A large part of society seems to want women to have a choice to take the life of an unborn baby but find it appalling for others to want to have the tools to protect their own lives and those of others. This world is really getting backward!
pauldbeyer@gmail.com says
I believe the world is moving forward (progressive), not backwards. Backwards would be that you could beat your wife because she was your property, forward in that she is your equal. God doesn’t mention anything in the Bible about guns. Your rights, by God, is to Love your neighbor.
DDL says
Matt stated: If the people I see on TV talking about the “Tree of Liberty being watered with the blood of tyrants” were to actually succeed in beginning the Great Birther and Anti-Kenyan Rebellion of 2013… The rebels would be absolutely annihilated
Instead of making things up to imagine something that is not going to happen, you could have cited an example of the Federal Government’s willingness to use its military might to annihilate innocent people. Waco comes to mind as a case in point; 76 dead including children.
Real American says
You say “Instead of making things up to imagine something that is not going to happen,” then cite an example of it happening.

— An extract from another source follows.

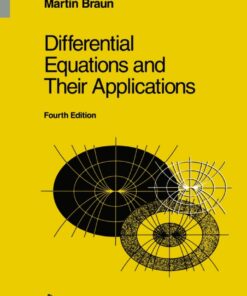 Differential Equations and Their Applications - 4th Edition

Regardless, it’s an instructive example — not just in the overwhelming use of force of which our government is capable (and if I recall correctly that was an ATF operation, not a US military one) but of the non-physical consequences of insurrection. Ask yourself: How are David Koresh and his Waco followers remembered? As martyrs, or as insane and suicidal fools?
I submit it’s the latter and that such a fate awaits anyone who attempts armed rebellion. Right or wrong, the victors write the history.
DDL says
(and if I recall correctly that was an ATF operation, not a US military one) — It was a combined operation with ATF being the initial primary. As the siege was prolonged the FBI took the lead and forces were brought in including:
National Guard from Texas and other states, US Army personnel from Ft. Hood, including members of Delta Force as ‘observers’ and ‘consultants’, military assault vehicles and Air National guard. It was not a shining moment in US History.
Ramsey Clark stated in reference to the Danforth Report: “(it)failed to address the obvious”: “History will clearly record, I believe, that these assaults on the Mt. Carmel church center remain the greatest domestic law enforcement tragedy in the history of the United States”
Ask yourself: How are David Koresh and his Waco followers remembered? As martyrs, or as insane and suicidal fools?
Aren’t the crazies also afforded equal protection under the Constitution?
Real American says
The Constitution has nothing to do with what we’re talking about. I’m sure it would be a great comfort to the Waco dead that they had equal protection under the Constitution–or that Ramsey Clark was so sympathetic. But they broke the law and shot at law enforcement, and the simple fact is when you do that, you face annihilation — for yourself and for the innocents in your care. As I said, right or wrong — but it’s always been that way and always will be.
DDL says
You would benefit by reading up on what actually occurred at Waco, rather than simply brushing it off as an aberration.
Real American says
Who called it an aberration?
Matter says
Interesting debate. I believe the real question is “why did the framers decide to include gun rights as the Second Ammendment?”
Why did they believe that the right to own shall not be infringed?
I believe that the framers knew that the right to own property was at the core of freedom. Without private property rights freedom could not be assured. But in order to own property fully, one needs to protect that property – from individuals, and if necessary, abusive government. Hence the Second Ammendment.
Perhaps there are those that today believe that our government can be trusted fully to protect our freedoms. I would argue that our government can be trusted to a certain extent, but to fully trust without a means of revolting is naive. Responsible citizens have a right to defend themselves.
Bob Livesay says
Patti Hearst, Bill Ayers, Jim Jones. Think about those names. They all have something in commen.